Response 5: Thank you.

Comment 6: References: All references are relevant.

Response 6: Thank you.

Round 2

Reviewer 1 Report

Comments and Suggestions for Authors

The revised manuscript has taken out some of the unnecessary and redundant figures.  The manuscript probably also could do without fig 2 which presents the same data as in Table 1 and summary of combined data is shown in an additional figure.

Author Response

Comment 1:  The revised manuscript has taken out some of the unnecessary and redundant figures.  The manuscript probably also could do without fig 2 which presents the same data as in Table 1 and summary of combined data is shown in an additional figure.

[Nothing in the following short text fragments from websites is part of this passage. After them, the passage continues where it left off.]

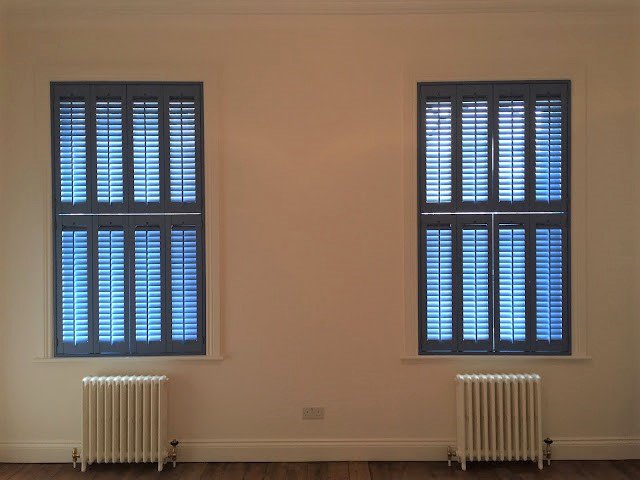TheShutterShop's tweet photo. Customised blue #shutters create a feature in the room. #bespoke #autumninstall #interiorinspo #interiortrends https://t.co/UWJAjXMCdX https://t.co/jLPlWN33Cy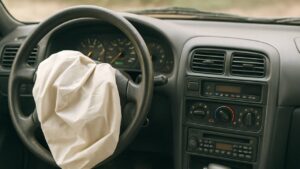 old-car-driver-airbag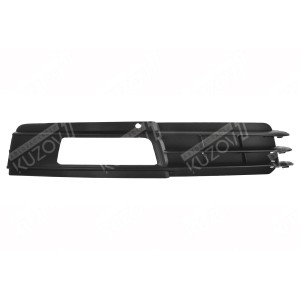 РЕШЕТКА В БАМПЕР (ПРАВАЯ)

Response 1:     We respectfully suggest retaining both figures because Figures 2 and 3 serve different purposes and reveal different aspects of the data. Figure 2 confirms how closely each dextrose concentration curve approximated the mathematical best fit pattern, which was either an s curve or an exponential pattern.  Figure 3 combined all data to indicate how data fit to a formulaic rate law; data indicated a 3rd order pattern of decline. Thus, figure 2 confirmed that dextrose concentration decline was rapid within each trial, and figure 3 indicated that more than two factors are required to explain the pattern of decline across all trials. Both figures have merit in our view. Please let us know if this clarification meets with your approval. If not, we are willing to discuss further. Thanks for this stimulating consideration of the data.